Egypt: Has India provided a credit line to Egypt?

According to Bloomberg, Egypt said that “India is providing credit line to boost its economy”. However, soon after, Reuters reported that the Egyptian Supply Minister denied that a credit line had been opened with India.

India is providing Egypt with a credit line of unspecified value, Egyptian Supply Minister Ali El-Mosilhy said, in the latest support from an ally for the North African nation’s troubled economy. The minister, speaking to Bloomberg News, didn’t give further details on the facility.

The Middle East’s most populous nation is racing to turn around an economy that was heavily exposed to the shock waves of Russia’s invasion of Ukraine and is a major importer of wheat and other commodities.

Egypt has agreed on a $3 billion deal with the International Monetary Fund, while its Gulf Arab allies have pledged billions of dollars in investment.

Such credit lines are typically used to import key commodities, including food. The facility could ease pressures on the economy, just as signs of progress in Egypt’s plan to sell state assets and a tourism rebound lead Citigroup Inc. to predict authorities will hold off a devaluation of the currency until at least September.

India and Egypt have built ever-closer ties in recent years, with Egyptian President Abdel-Fattah El-Sisi a special guest at India’s Republic Day parade in January. Prime Minister Narendra Modi will likely visit Egypt later in June, the Press Trust of India reported this week.

Minister denies

According to Reuters, Egyptian Supply Minister Ali Moselhy said lster on Monday that no credit line had been opened with India, but discussions were ongoing regarding payments for imports using currencies other than the dollar.
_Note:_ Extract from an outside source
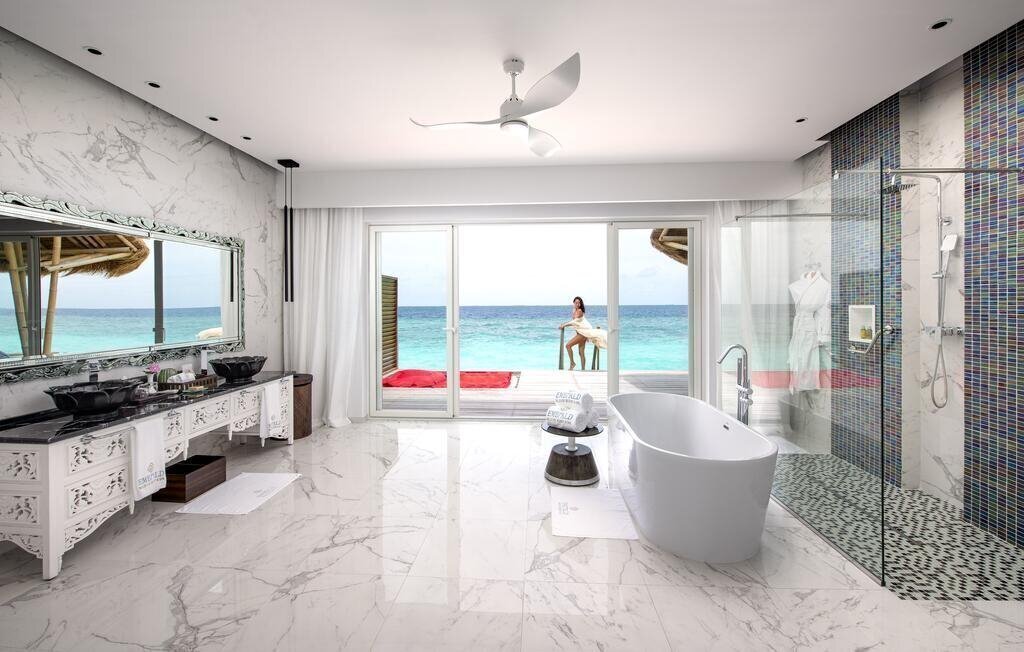 Фотография Emerald Maldives Resort & SPA 5*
Bloomberg News, citing Moselhy, had earlier reported that India was providing Egypt with a credit line worth an unspecified value. The news agency said that the minister did not give further details on the facility.

“Nothing of the sort has been implemented, but there are discussions so that we can trade in local currencies of countries like India, Russia, or China,” the minister told Reuters.
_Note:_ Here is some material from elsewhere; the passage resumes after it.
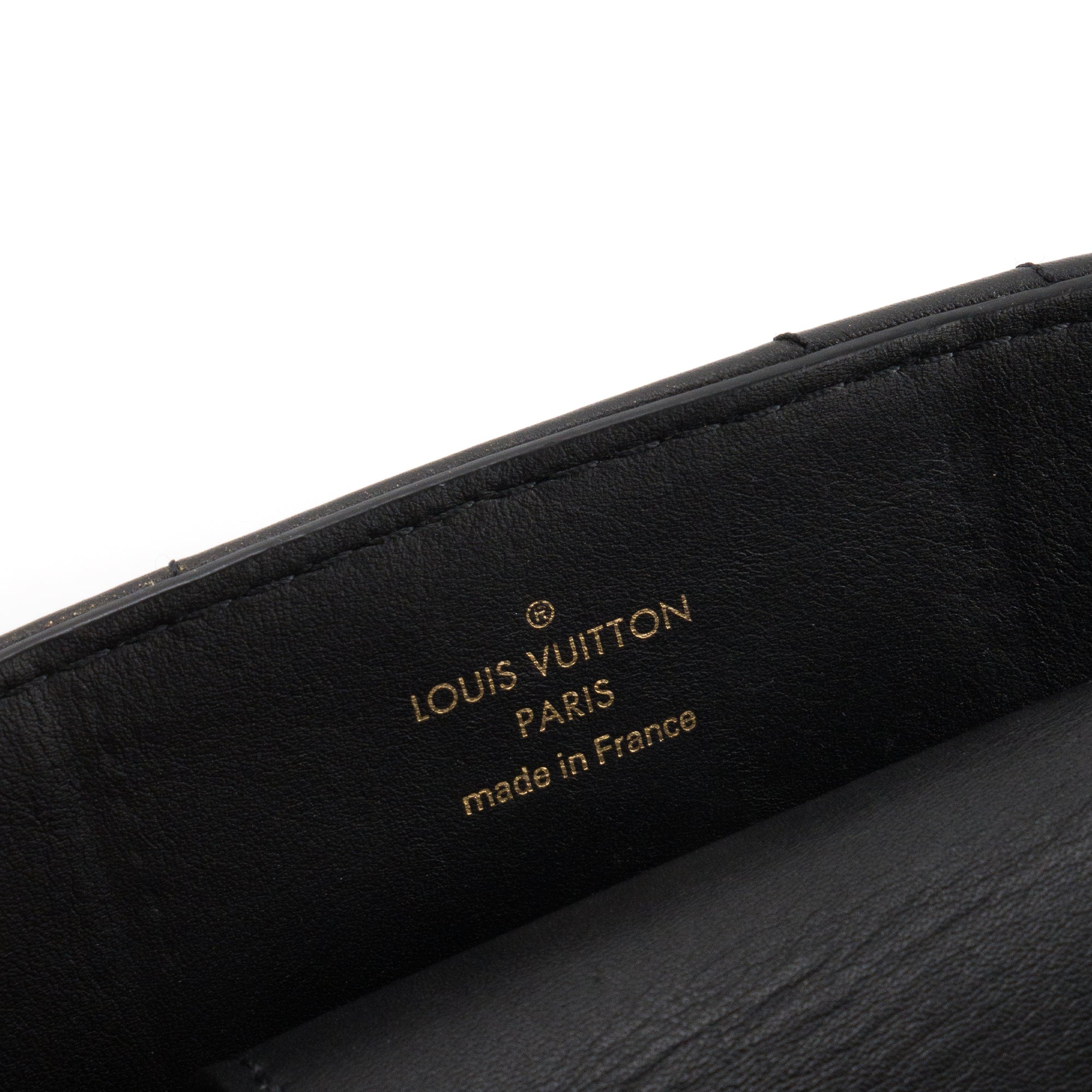 LOUIS VUITTON - Sac à épaule New Wave Louis Vuitton en cuir lisse noir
Moselhy said that similar discussions were also being held with Russia and China.

The Indian finance ministry did not immediately respond to a Reuters request for comment.
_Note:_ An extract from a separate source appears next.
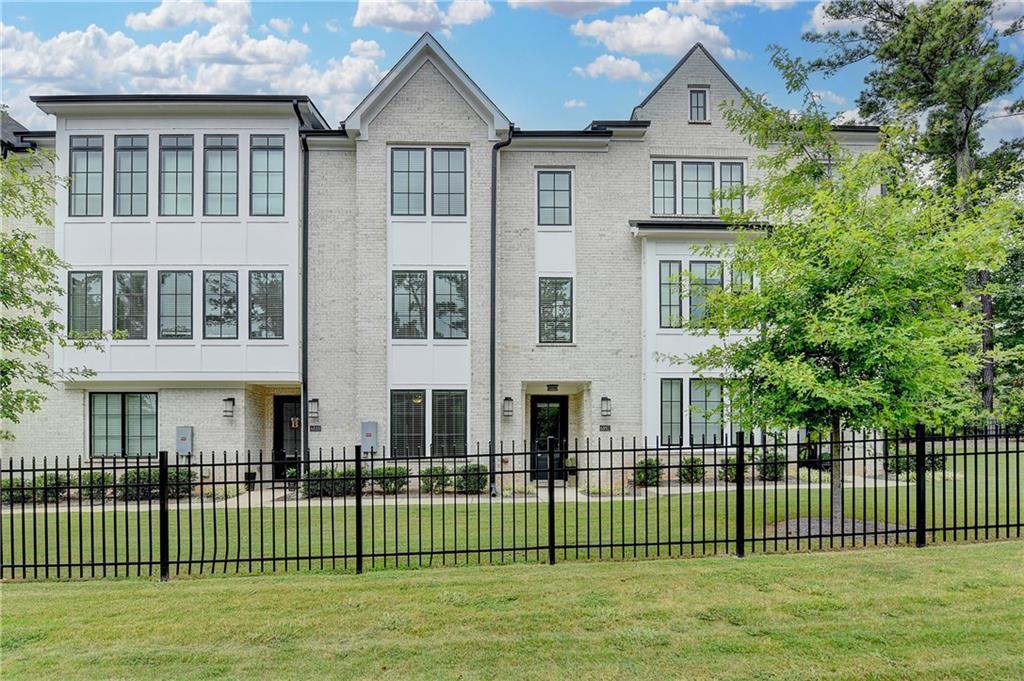 6892 Roswell Road, Atlanta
Indian Prime Minister Narendra Modi is set to visit Egypt later this month, as the two countries seek to become strategic partners, according to media reports.

Egypt is trying to stabilize its economy after the Russian invasion of Ukraine last year rocked its tourism industry, raised commodity prices,and prompted foreign investors to pull about $20 billion out of its financial markets.

Inflation has risen sharply over the last year in Egypt after a series of currency devaluations, a prolonged shortage of foreign currency, and continuing delays in getting imports into the country.

The supply minister told Reuters in May the country’s state grains buyer had deferred opening letters of credit to pay for wheat imports to alleviate financial pressures caused by a foreign currency shortage.

The country has plans of selling state assets to meet its debt repayment commitments.